Re: GNOME Online Accounts 3.34 won't have documents support



On Wed, Jan 23, 2019 at 05:39:44PM +0100, Bastien Nocera wrote:
As Emmanuele mentioned, the problem isn't so much that services will
disappear from under the applications (but it's a problem nonetheless),
it's that there was no communication explaining that applications
shouldn't have relied on GNOME Online Accounts in the first place, as
the functionality could disappear for reasons not caused by those
services, or applications.


You are talking as if the application maintainer and the GNOME Online
Account maintainer are two disjoint entities. As if an active
community of contributors have been jeopardized by the arbitrary will
of the mythical GOA maintainer.

That's false.


[rishi@kolache gnome-documents]$ git shortlog -ns | head
  1036 Cosimo Cecchi
   357 Debarshi Ray
    78 Alessandro Bono
    76 Daniel Mustieles
    68 Piotr Drag
    59 Bastien Nocera
    52 Kjartan Maraas
    39 Marek Cernocky
    36 Matej Urbancic
    36 William Jon McCann

Since everybody is concerned about the Online Accounts integration,
let's look at gnome-online-miners.git. That's where the said
integration lives.

[rishi@kolache gnome-online-miners]$ git shortlog -ns | head
   101 Debarshi Ray
     6 Pranav Kant

And I am just not going to bother digging up review statistics from
Bugzilla. ;)

I was also the only maintainer at least pretending to keep up with the
GNOME schedule.


There wasn't any active community.

We regularly released with glaring bugs that some of our downstreams
would consider blockers.  Fedora releases would have blocked, had
those bugs been known. They weren't known because very few people, if
any, ever used the application, so nobody ever reported them.

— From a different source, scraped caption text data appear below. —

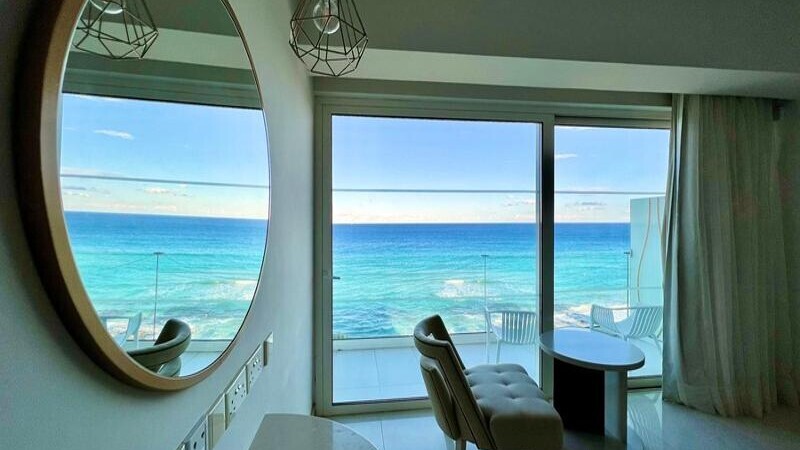 Constantinos The Great Beach Hotel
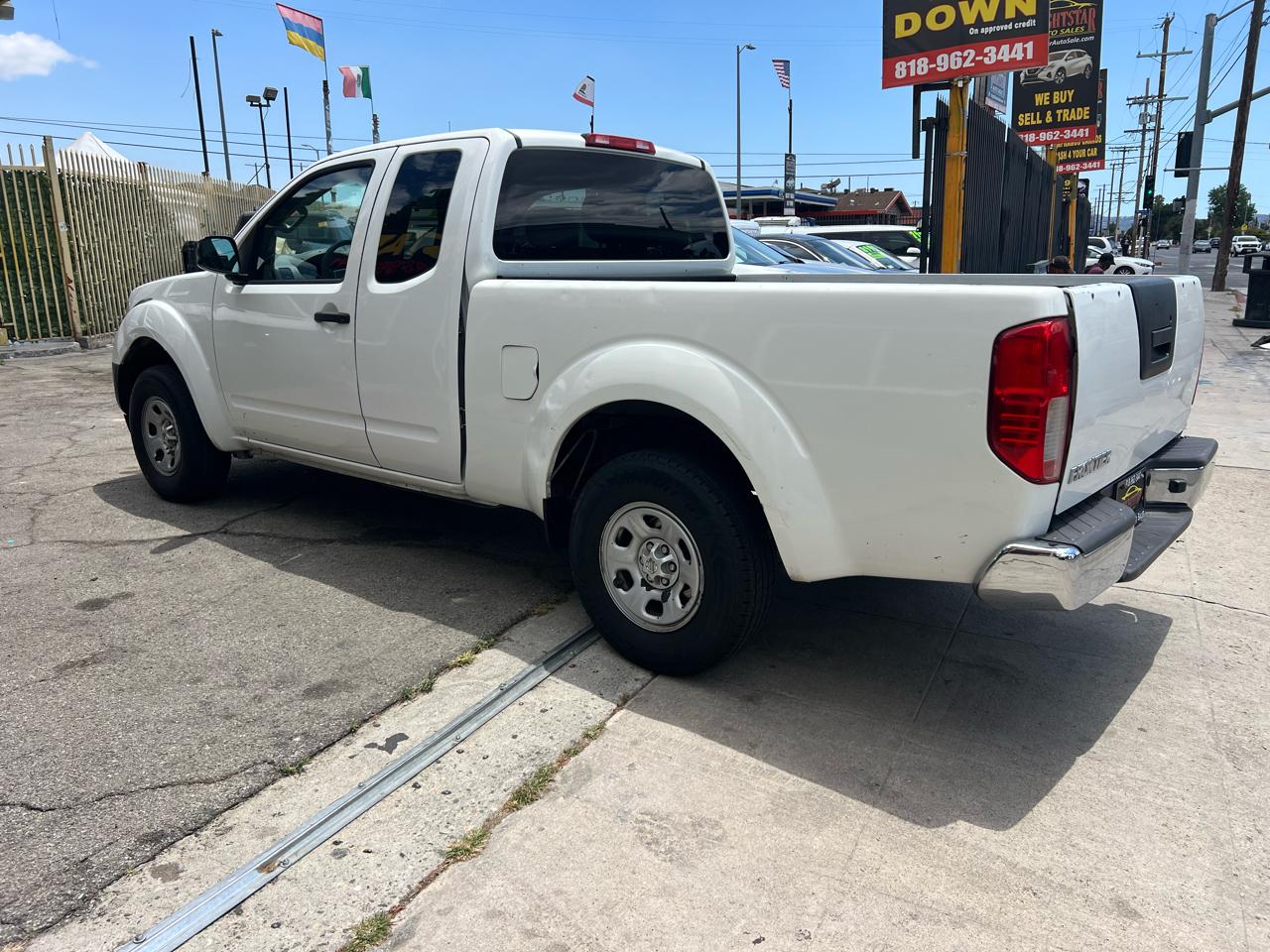 Nissan Frontier 2WD King Cab I4 Auto SV 2013
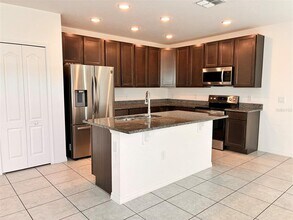 170 E Fiesta Key Loop in DeLand, FL - Building Photo - Building Photo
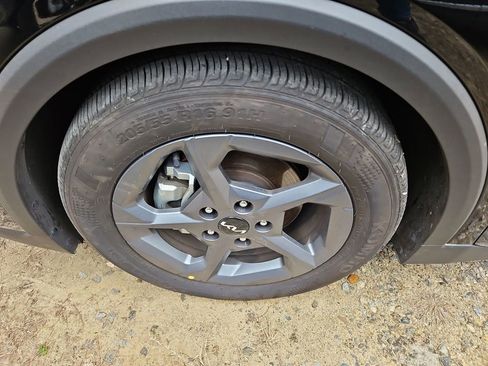 Used 2025 Kia K4 LXS image 7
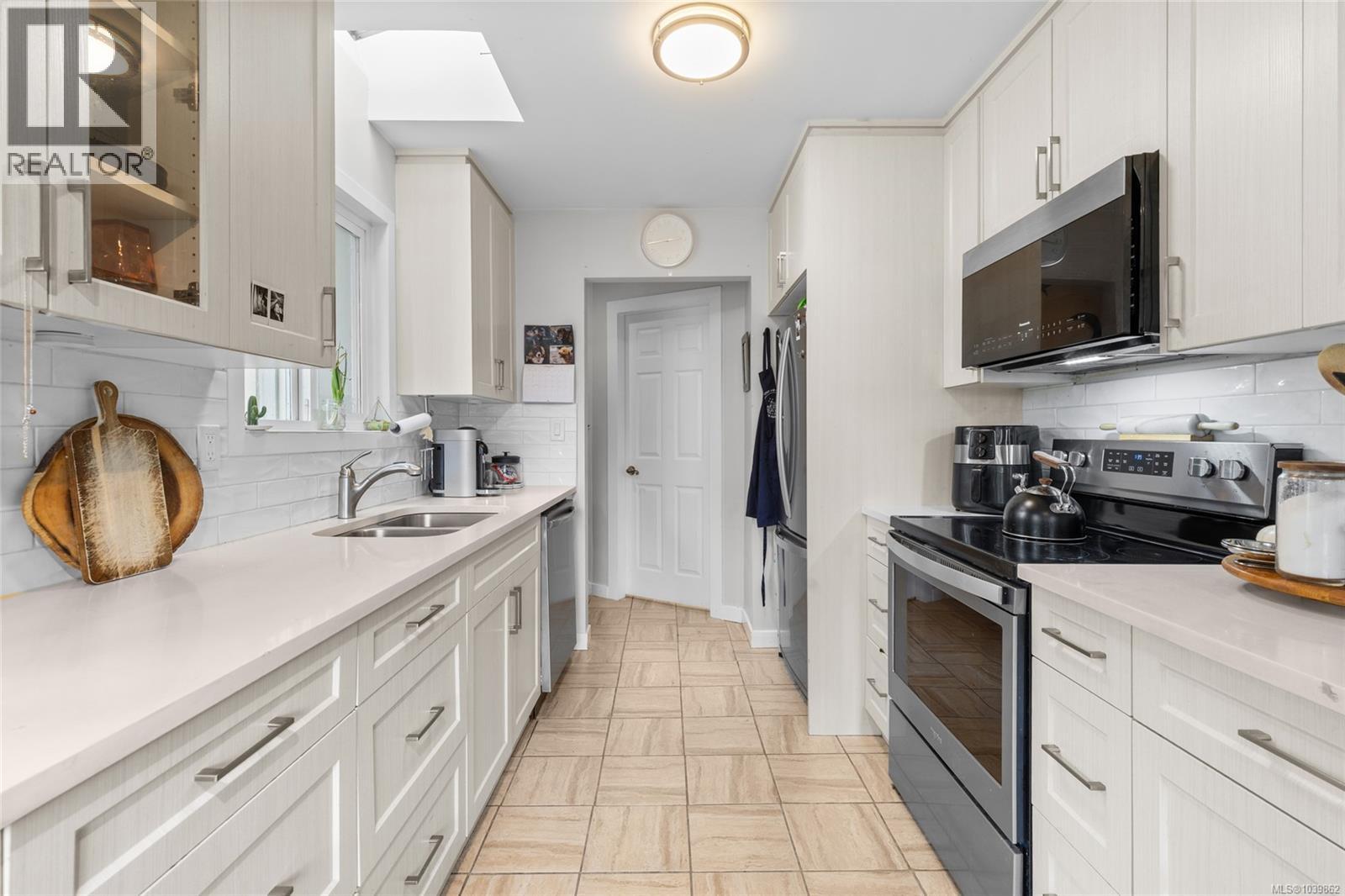 661 Marlisa Pl - Image 10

RHEL 7.x releases actually did block on those bugs. That's how those
eventually got noticed, fixed and backported.

Boy, did I spend hours diligently backporting all those fixes,
spinning tarballs, doing downstream builds. Sometimes the backports
went across three or four stable branches - that's how glaring and old
some of the bugs were. Not a soul cared.

These bugs were regressions introduced by the occasional patch that
would get merged, or by changes in our JavaScript stack, or something
else. The upshot being that the reviewers themselves weren't using the
application much, or didn't have enough time to diligently review the
patches; nor did it have any users in the wider GNOME community and
beyond.

It was also clear that the GNOME designers weren't that excited about
GNOME Documents any more.


Yes, I could have started by listing all the reasons behind why
Documents is considered a dead-end. I didn't do that, so I am very
sorry about that.

However, I did give a brief background in my very next email to this
thread. Cosimo, Michael, Jakub and Allan were all part of the
discussions about it's future.

But then, I haven't yet found anybody honestly asking why we gave up
on it. Instead people went ahead and drew whatever conclusions they
wanted to draw. I find that odd.

It's not like this is the first time we have dropped things from GNOME
Online Accounts. Back in 2017 [1] we had dropped Telepathy. I had
written a wall of text explaining that decision. Guess how many
replies that thread got.  Surely, Telepathy has had a lot more users
in its time than Documents.

So, I do find it strange that people are suddenly coming out of the
woodwork passionately fighting for the survival of GNOME Documents.